12/27 Christmas 2019:The Gonzales Family Christmas 2019 (unfinished)

Extension of my thoughts on Christmas 2019...

This Christmas, was an interesting one, as you may have read. I didn't actually spend the 25th of December with The Roots of my family (immediate). Which is funny, because I did spend it with the Arizona relatives: Uncle Steve and Janell with Morgan and Markie, plus all those whom we spent the day with ON CHRISTMAS DAY, who are family, just not immediate. Mom's sister, Aunt Ann, invited us to Christmas Breakfast, and it was also Glorious and Amazing. For, Peter, our good friend and adopted Arizona Brother was there (he is really close to me for reasons I will explain later), and the Williams family, Gracie, Kerry, and Jesse, and the Guest of Honor, Uncle David. Sarah had never met him since the we've been together, and he is someone whom she meshed with really easily. Sarah is my family. It was really cool.

But this entry is about my Christmas with MY immediate family.

Leading up to the decision to come was wrought with a lot of hard feelings. Pain, confusion, and really, a bit of anxiety.

This year has been the year that I feel like I have been least close (by decision and circumstance) to my family. Now I can't speak for the entirety of the year. At the Start, Jacob was on his mission, Sarah and I were in AZ, and the rest of the siblings were in their respective places of residence, Sarah in Provo, and Briana, with Tony and Cohen in Rexburg. And there were moments of Joy and Happiness between ourselves...

but, being away, like really away.

This was the first year that I didn't feel connected to them, and really to three members of my family specifically, Sarah, my mom, and my dad.

Recent events, brought hard feelings between me and my dad, or at least, between me.

They had invited me to take them up on a offer to use money we would've used for Gas to get here (or I, for Sarah would be working), and they would pitch in the rest for a round-trip ticket to home and back, to maximize time with the family. After talking with Sarah, we thought what great an opportunity it would be to do this for me. So we agreed, however, there weren't any stipulations presented on first contact, and so when I had asked my parents to pitch in the full fare for the ticket and we would repay them, I must have struck a chord, and not a happy one, with my dad, because he was outraged, or perhaps, un-understanding. And very abrasive, which was totally unexpected.

This really hurt. I had already felt apart from them. But this just confirmed in my mind, that they don't trust me, and they aren't happy with me, etc. Thoughts stew in my mind, for, right now, I have this tendency to do that (one that has been with me from before I could honestly remember). And it hurt. It was not what I expected.
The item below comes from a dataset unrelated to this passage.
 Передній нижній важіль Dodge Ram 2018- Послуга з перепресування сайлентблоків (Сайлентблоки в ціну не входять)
I couldn't really talk to them, leading up to this

Friday, December 27, 2019

12/27 Christmas 2019:The First Gonzales/Trefflich Christmas

This Christmas, was a miracle.

I can't believe how much I have changed in this year. I started this year one way of being, and things have blossomed and I am, in some ways, changed. What I once was before, I am not anymore. All things are thus, Because of my choices to follow Christ, who is at the forefront of my heart and mind, even if I was, and still not completely one with his heart and mind.
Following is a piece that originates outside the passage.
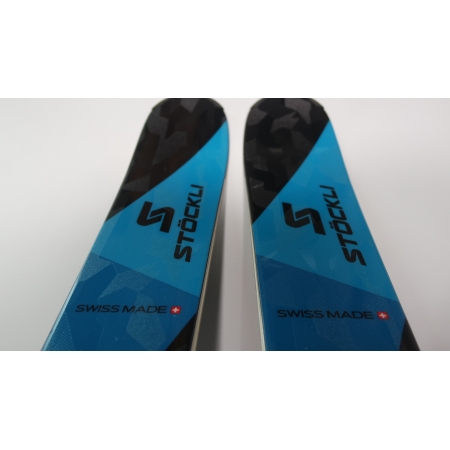 BA67 Stockli Montero AR Laser 170 TEST 2024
I, like Enos, from the Book of Mormon, have had a wrestle with myself, and God, by part of my family, and the one that I have begun.

It has been a struggle, and there have been times where I was fearful because I believed in the worse outcome of the worse that seemed to be happening around me.

My parents invited me to come home for Christmas.

It was already in the plans that I come, but this year, my second year of marriage with my wife, Sarah Rebecca, was different than previous years. My wife had begun a new job, two or three months ago, giving up herself, for me, so that I may become the person I only had an inkling of knowing I could become. She knew my true potential.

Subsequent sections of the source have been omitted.